# Guide to using REW with Convolver...



## rajdude

(under construction)

I looked everywhere but could not find a tutorial or helpfile which describes how to use REW with Convolver. Hence I thought I will start a thread.


*First: What is convolver?*

Convolver is an Windows application which can be used for Digital Room Correction. It can be used as a plugin for Windows Media player (and other apps). 
Full details are here.
A long convolver thread is here.

*Second: Where does REW fit into the picture?*

REW measures the room's impulse response. That is how it produces the frequency response plots. Then you can (automatically or manuall) setup the filters. After this you can export the impulse responses of filter setups

*Step by step guide:​*


Install convolver.
It is available for download here: http://convolver.sourceforge.net/download.html
Full instructions are here: http://convolver.sourceforge.net/usage.html


Use REW to generate the Filter Impulse Response file

(This assumes that you already know how to use REW)

Measure your room’s response

Use the Generic setting for the equalizers. That has the widest range of filter types and the best filter resolutions. 

Create / Adjust filters

You can automatically adjust the filters following the usual REW sequence. REW only auto adjusts filters upto 500hz. If you need to correct room response beyong 500 Hz. you will need to add/ edit the filters manually.

Why does REW not aetup filters automatically all over the 20-20k Hz range? Well, here is what one post says: http://www.avsforum.com/avs-vb/showthread.php?p=6966447&&#post6966447



> The peak search function is restricted to lower frequencies as it is looking for modal resonances. Above a few hundred Hz the resonances overlap to such an extent that it si no longer useful to try and correct individual resonances, but you can of course apply broader filters to even out the response. Future versions of the Wizard will address other parts of the range, but that is quite a way off as there is much yet to do for the low frequency range. It is worth bearing in mind that room treatments work very well in these ranges.



Export the Channel Filter Impulse Response as WAV file

The File -> Export -> Channel Filter Impulse Response as WAV option generates the impulse response of the filters for the current channel in WAV format, written as 16-bit mono PCM signed data, with the impulse peak normalized to digital full scale.

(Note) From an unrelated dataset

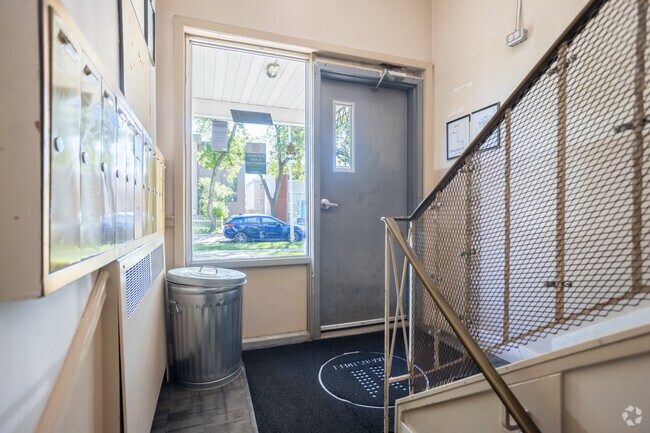 Photo - Oliver 3 Apartments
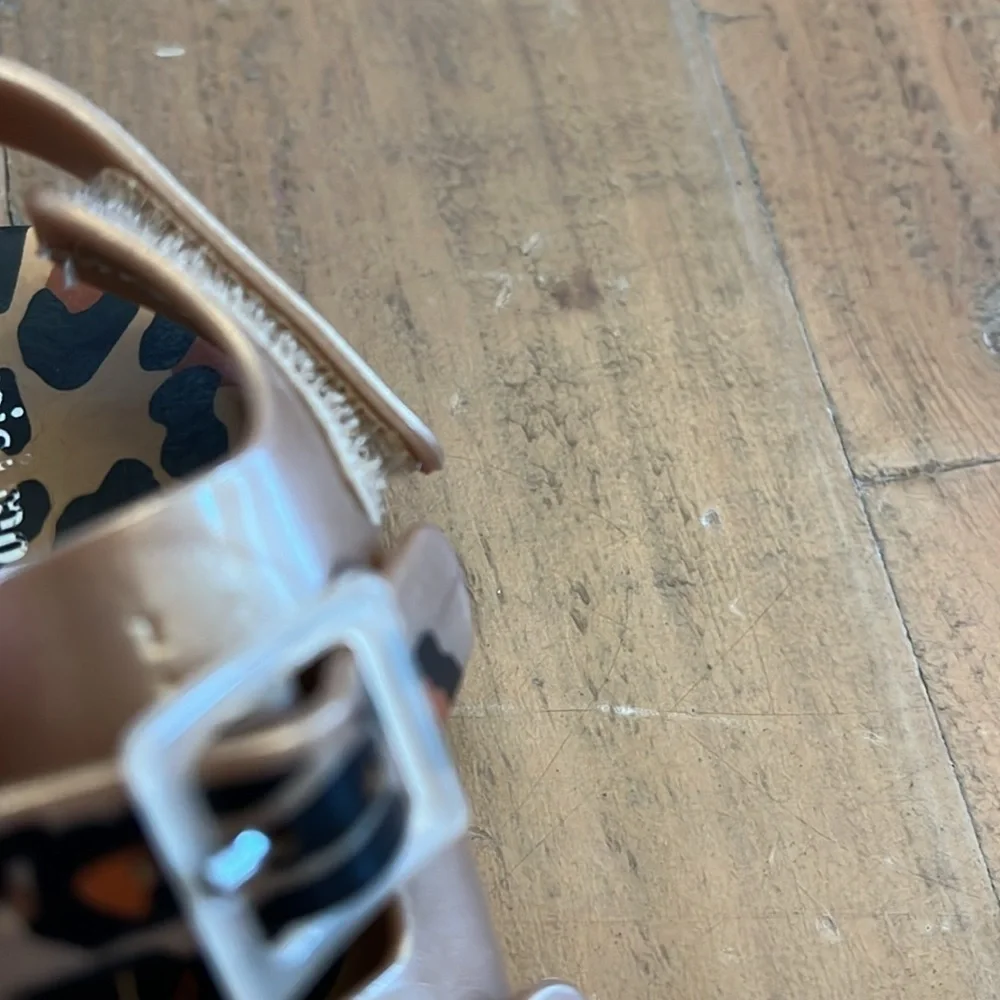 Mini Melissa gold leopard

Use this file in convolver

Basically, you have to point the convolver to the file you just exported above.
Full details here : http://convolver.sourceforge.net/usage.html


That is it !

Until here the setup is simple. But for best sound quality you have use multiple files for multiple channels. 

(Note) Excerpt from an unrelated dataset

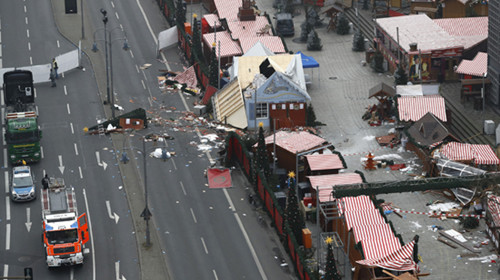 2016年12月20日，遭卡车撞击后的柏林圣诞市场一角。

I will quote jrpavel’s post on AVSForum here:
http://www.avsforum.com/avs-vb/showthread.php?p=6939704&&#post6939704



> Others with more experience of room correction may want to chip in, but there are several approaches of increasing complexity.
> 
> Assume that you are using stereo, then:
> 
> You can measure the impulse response of your left and right speakers separately, and apply the results to the respective channels. The first example on http://convolver.sourceforge.net/configegs.html shows the convolver config file that allows you to do that. Alternatively, you can combine the mono impulse responses into a single stereo WAV file and load that directly instead of using a config file.
> 
> That is not, however, the theoretically best way of correcting your system, although it may give good results in practice and has the merit of simplicity. (At least not if you don't listen with a board in front of you that prevents the left channel sound from reaching your right ear ...)
> 
> The more correct way, apparently, is to take 4 impulse response measurements (left speaker to left ear, left to right, right to right and right to left) and then apply them using the head-related transfer function (HRTF) network example on http://convolver.sourceforge.net/configegs.html as a model.
> 
> I'll leave it to others to comment on / correct this advice, but the long and the short of it is that with convolver you can mix input channels, filter the result, mix/sum the results of different filter paths, and direct them to specified output channels in a completely configurable way. (In fact, I am trying to decide how best to reduce the flexibility, as it makes convolver more complex to set up than is probably strictly necessary.) So, if you want to do other things like split a channel into different frequency ranges and send the results to different output channels, you can do it.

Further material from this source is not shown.